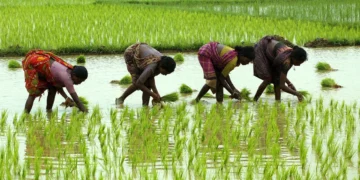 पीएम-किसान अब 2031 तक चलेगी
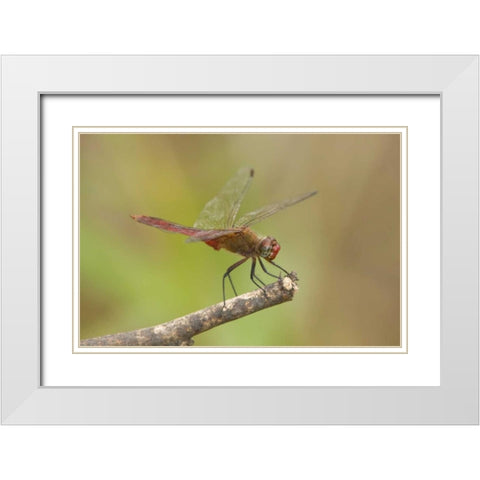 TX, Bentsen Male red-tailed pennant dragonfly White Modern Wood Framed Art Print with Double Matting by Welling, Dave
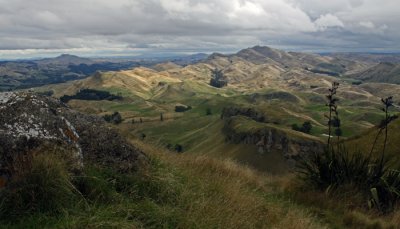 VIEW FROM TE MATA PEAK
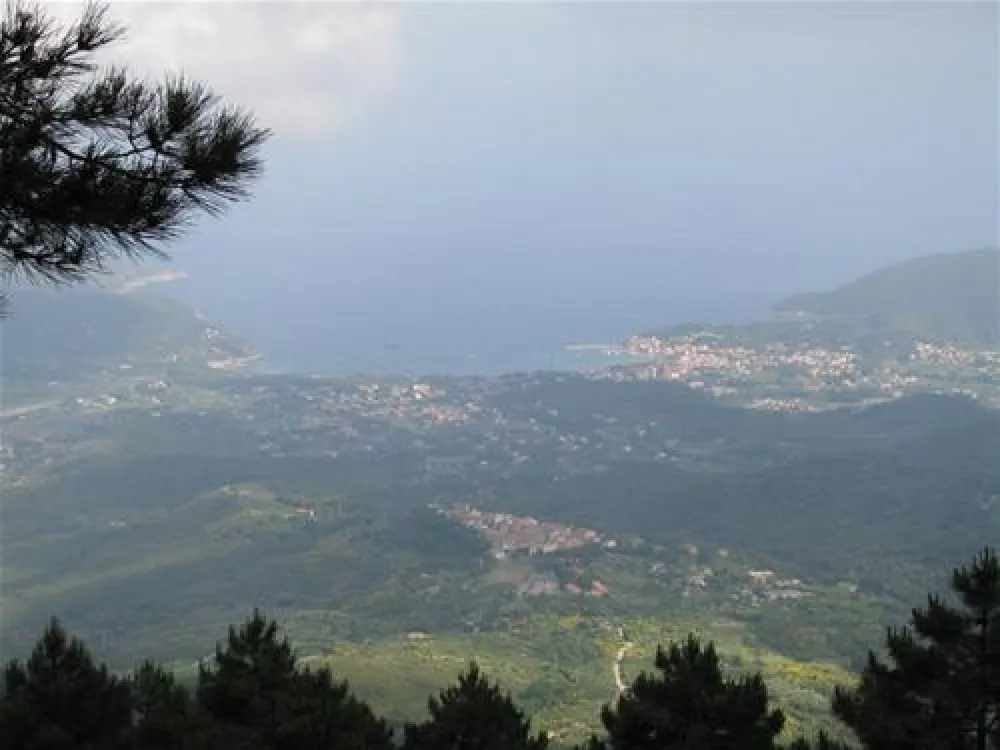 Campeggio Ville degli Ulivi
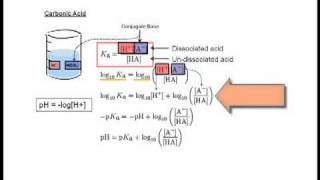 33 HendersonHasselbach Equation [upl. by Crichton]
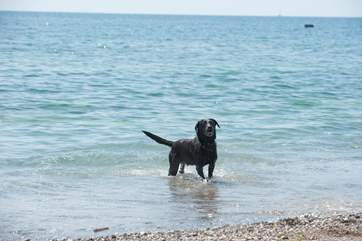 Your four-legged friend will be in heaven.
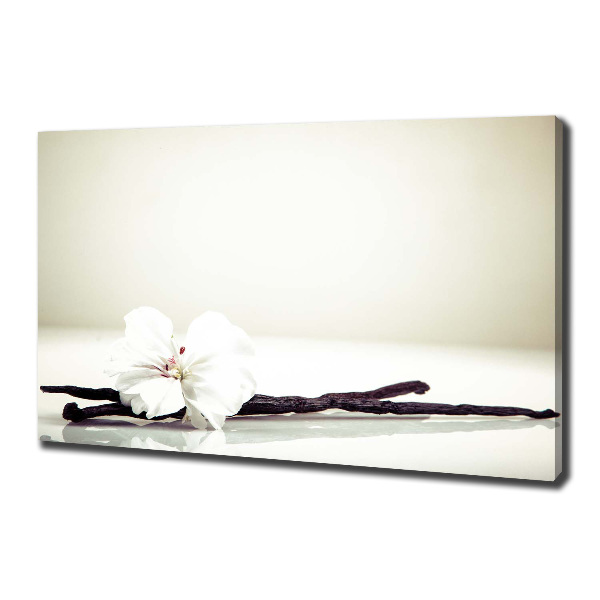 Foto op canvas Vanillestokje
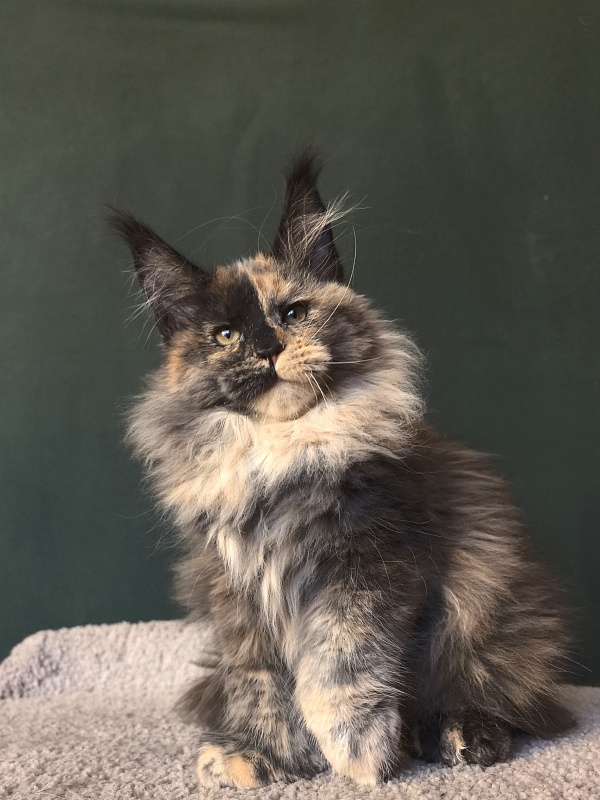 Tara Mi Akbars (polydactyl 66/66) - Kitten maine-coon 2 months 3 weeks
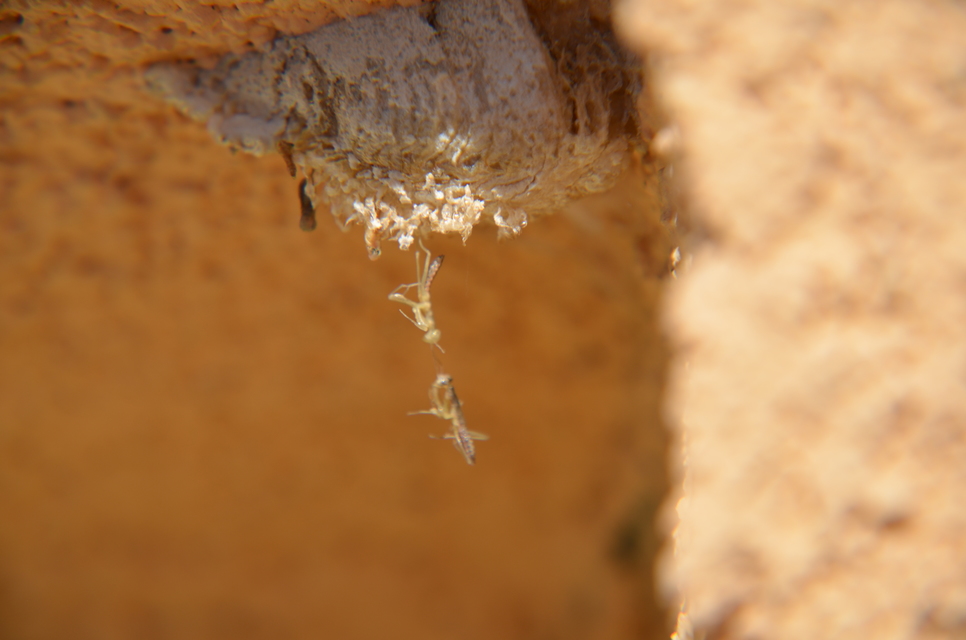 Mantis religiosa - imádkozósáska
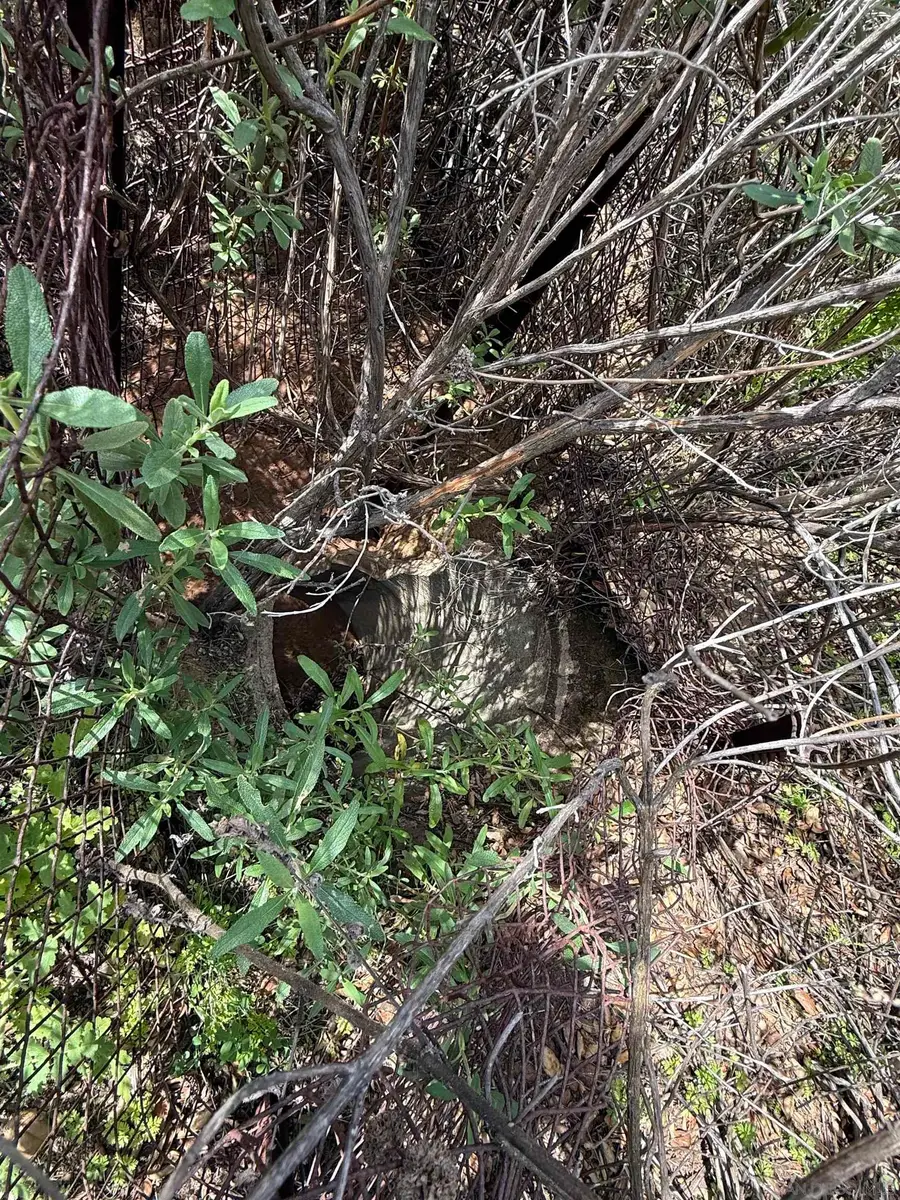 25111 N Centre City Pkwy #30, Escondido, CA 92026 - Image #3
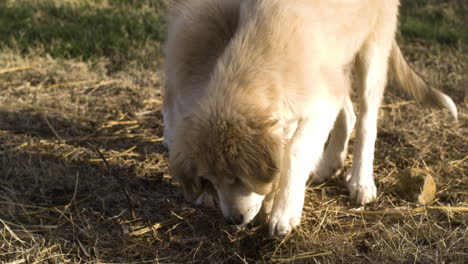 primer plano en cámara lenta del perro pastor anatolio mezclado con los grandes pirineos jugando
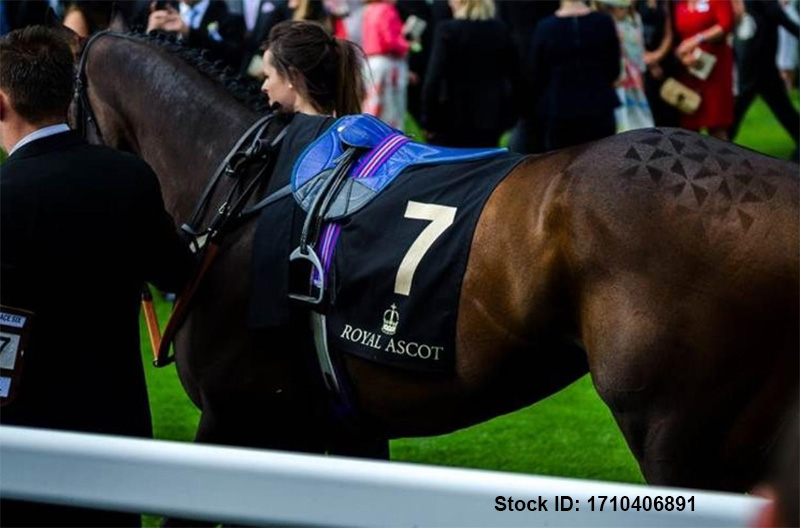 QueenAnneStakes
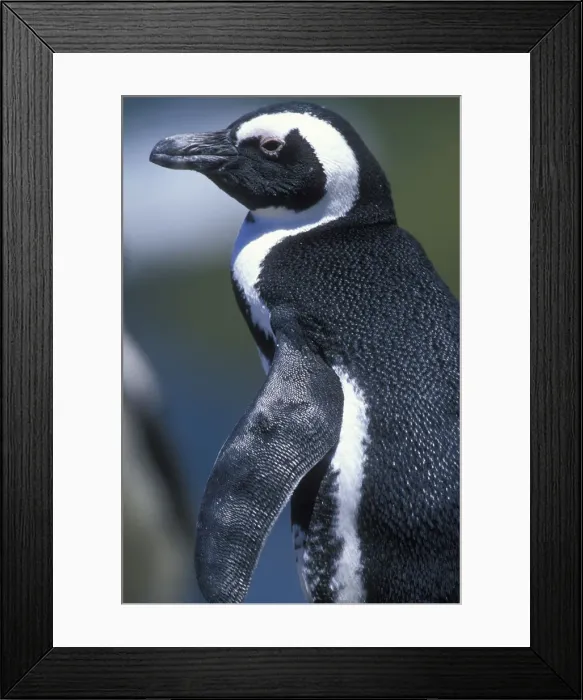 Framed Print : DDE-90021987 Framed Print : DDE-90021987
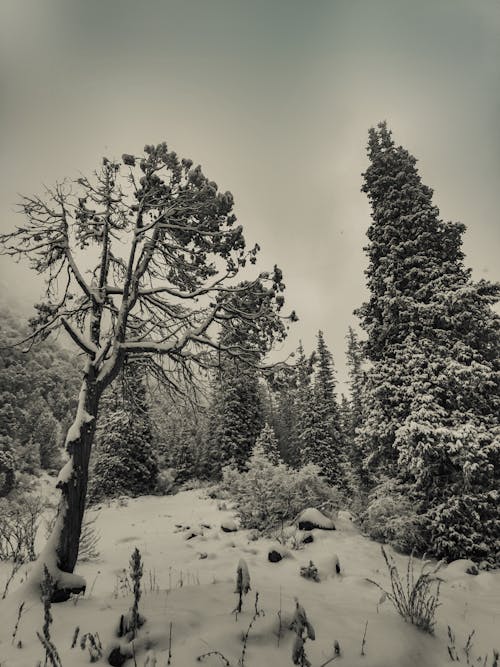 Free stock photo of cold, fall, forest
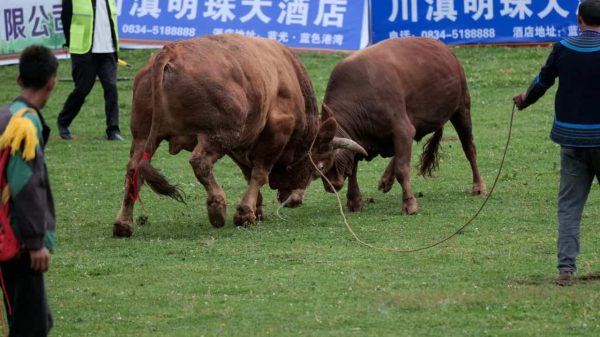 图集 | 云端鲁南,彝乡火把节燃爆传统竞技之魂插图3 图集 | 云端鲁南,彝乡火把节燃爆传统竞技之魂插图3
□ □ □ □
GOAL OF THE EXERCISE —
Write out, exactly, the lines of the material from the very first through the line containing "33 HendersonHasselbach Equation", and leave out every picture.

EXERCISE OUTPUT —
 पीएम-किसान अब 2031 तक चलेगी
 TX, Bentsen Male red-tailed pennant dragonfly White Modern Wood Framed Art Print with Double Matting by Welling, Dave
 VIEW FROM TE MATA PEAK
 Campeggio Ville degli Ulivi
 33 HendersonHasselbach Equation [upl. by Crichton]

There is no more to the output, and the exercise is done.